- _Requirement_
Using the listing below, set down exactly the lines from the one that contains "14天朋友圈文案课，打开你对" through the one that contains "SIZE 3XL | Denim Top", with no pictures.

- _Records shown_
○ ○ ○ ○ ○ ○ ○
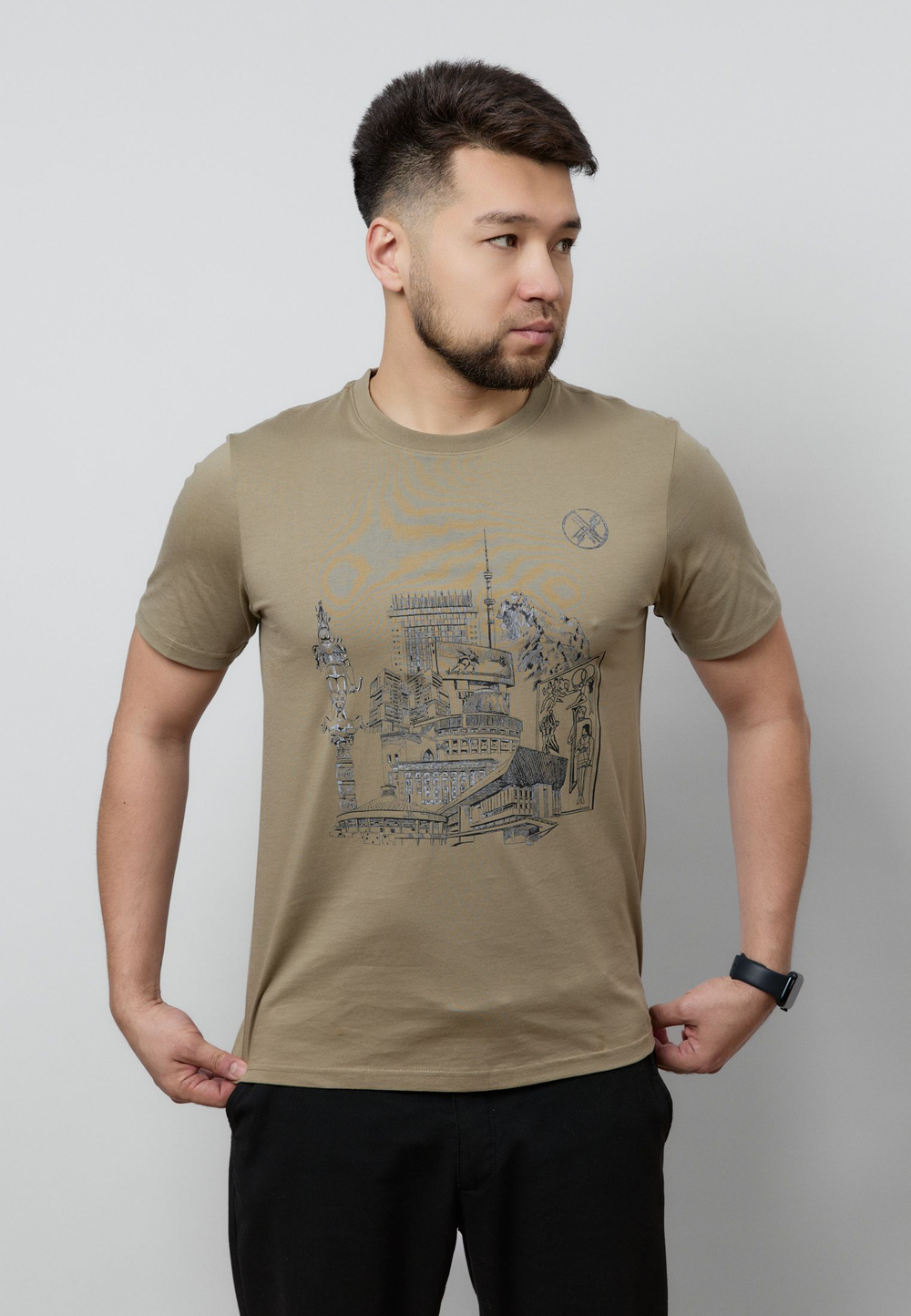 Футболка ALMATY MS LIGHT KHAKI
○ ○ ○ ○ ○ ○ ○
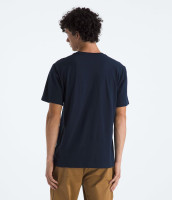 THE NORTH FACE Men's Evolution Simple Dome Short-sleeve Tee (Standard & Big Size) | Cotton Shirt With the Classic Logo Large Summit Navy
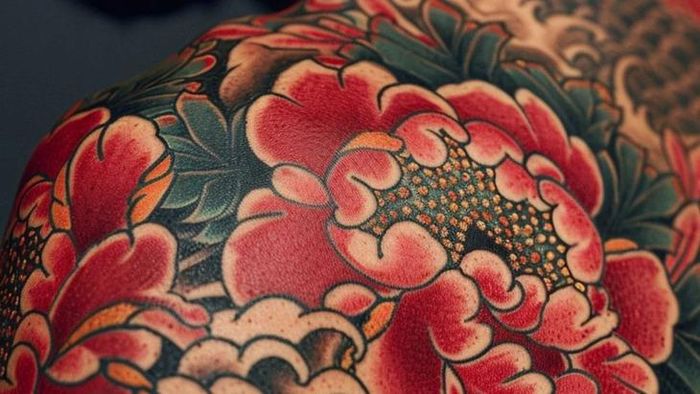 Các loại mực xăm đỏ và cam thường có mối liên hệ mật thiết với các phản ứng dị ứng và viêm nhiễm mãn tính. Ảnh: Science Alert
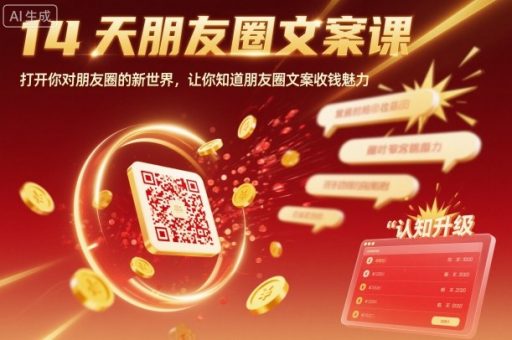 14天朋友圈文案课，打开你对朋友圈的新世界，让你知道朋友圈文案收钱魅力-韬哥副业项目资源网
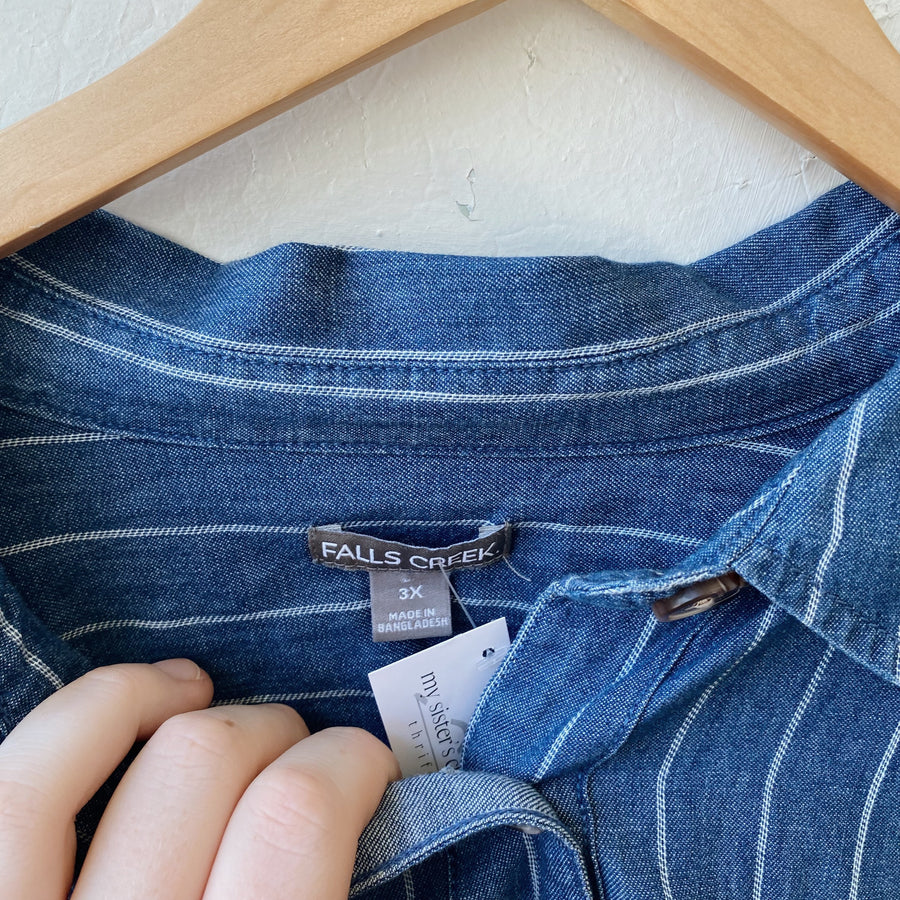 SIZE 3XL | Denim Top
○ ○ ○ ○ ○ ○ ○
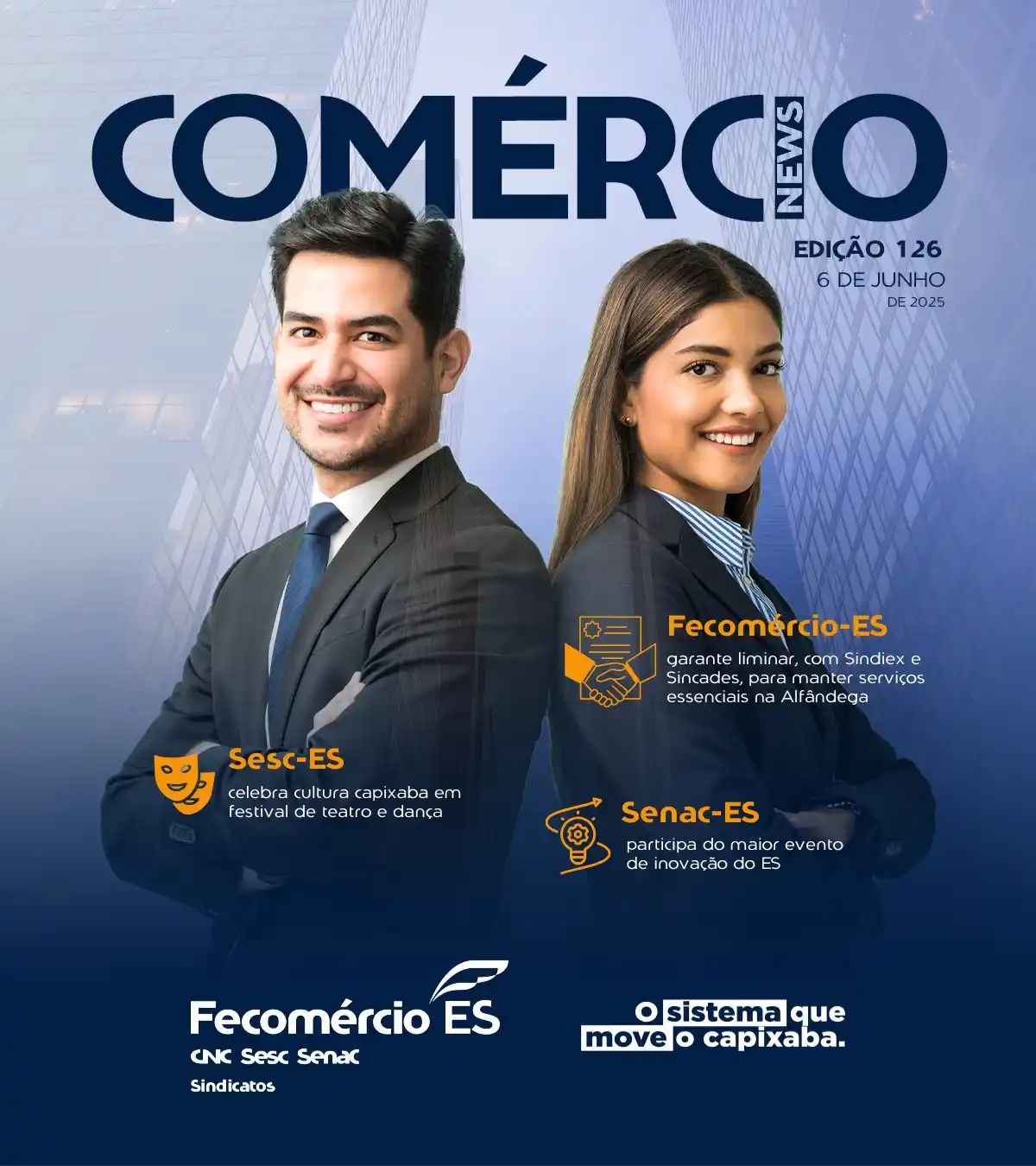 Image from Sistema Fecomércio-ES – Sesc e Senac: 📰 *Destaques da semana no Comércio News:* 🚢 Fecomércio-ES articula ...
○ ○ ○ ○ ○ ○ ○
- _Solved problem_
 14天朋友圈文案课，打开你对朋友圈的新世界，让你知道朋友圈文案收钱魅力-韬哥副业项目资源网
 SIZE 3XL | Denim Top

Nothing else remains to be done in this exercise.